### Data

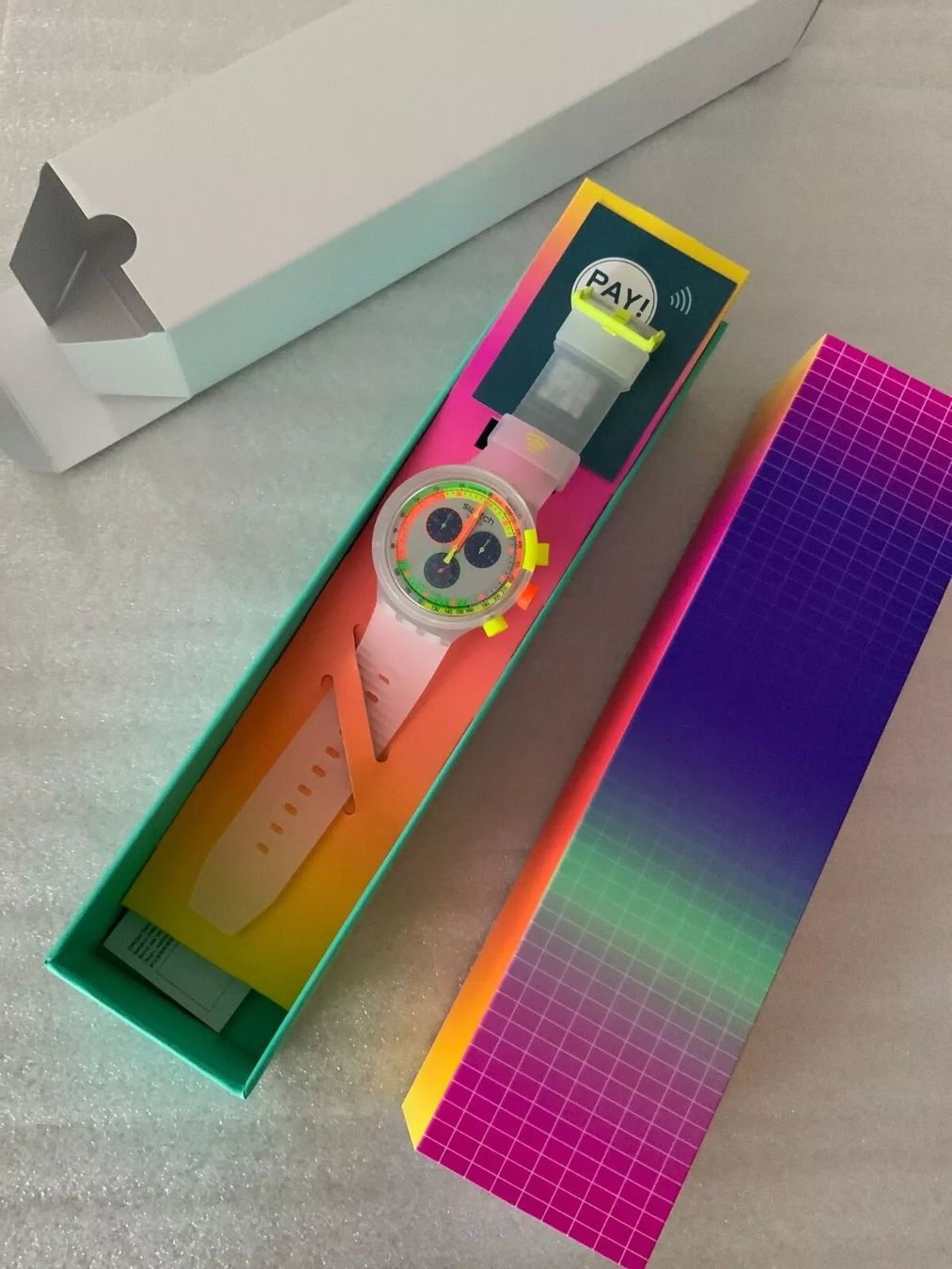 Swatch Uhren: Swatch Big Bold Chrono NEON JELLY PAY – Neu und originalverpackt aus Wettswil von rotonda 1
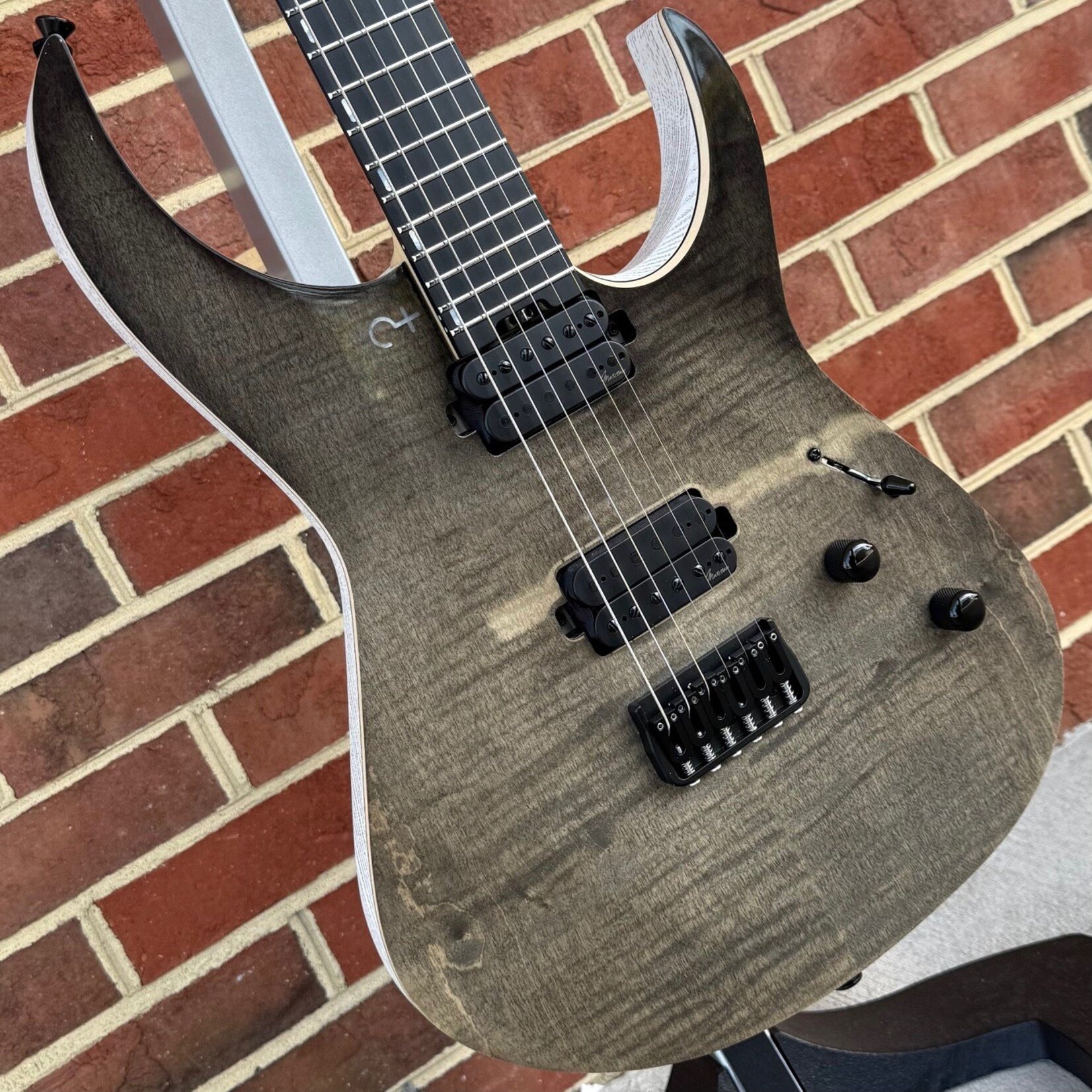 Infinia Guitars Infinia Guitars Ceres, 6-String, Obsidian Black, White Back, Deluxe Gig Bag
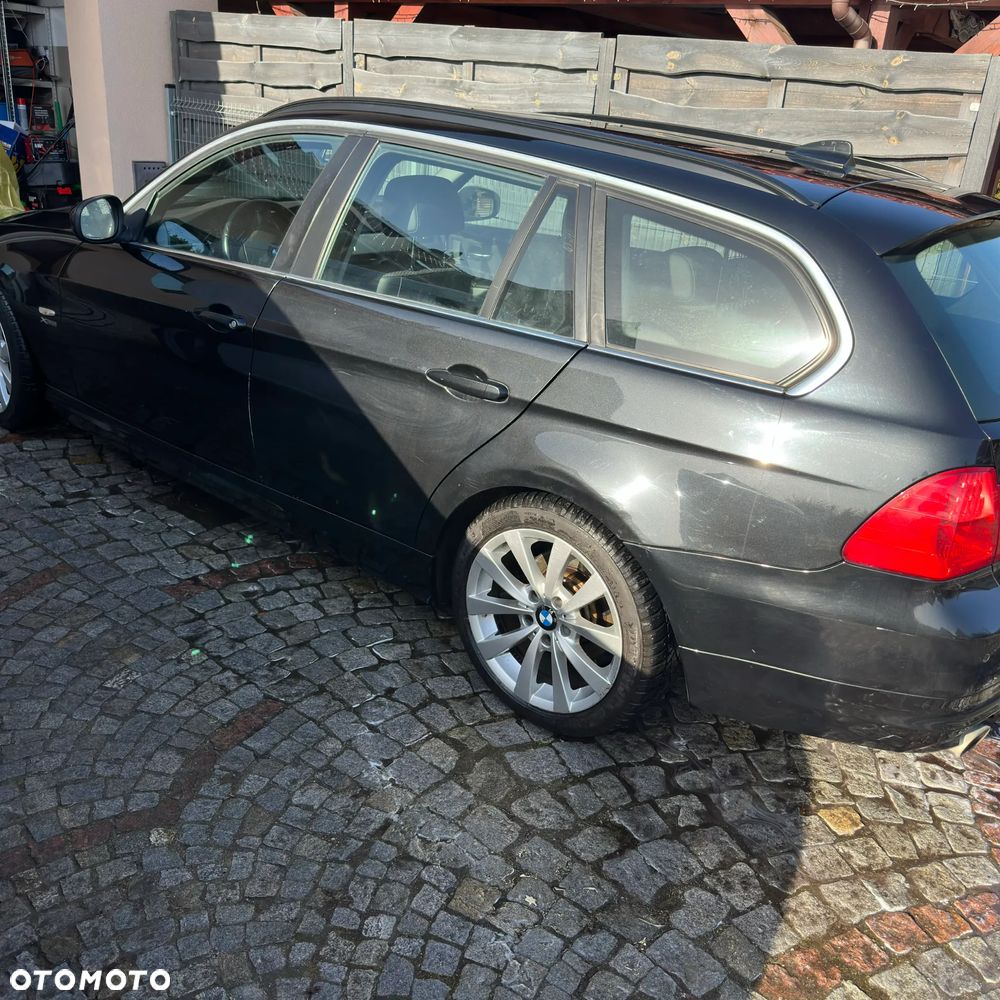 BMW Seria 3 320d Efficient Dynamics EU6 - 2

### Required work
Every line above is to be reproduced verbatim, and the pictures are to be omitted.

### Written solution
 Swatch Uhren: Swatch Big Bold Chrono NEON JELLY PAY – Neu und originalverpackt aus Wettswil von rotonda 1
 Infinia Guitars Infinia Guitars Ceres, 6-String, Obsidian Black, White Back, Deluxe Gig Bag
 BMW Seria 3 320d Efficient Dynamics EU6 - 2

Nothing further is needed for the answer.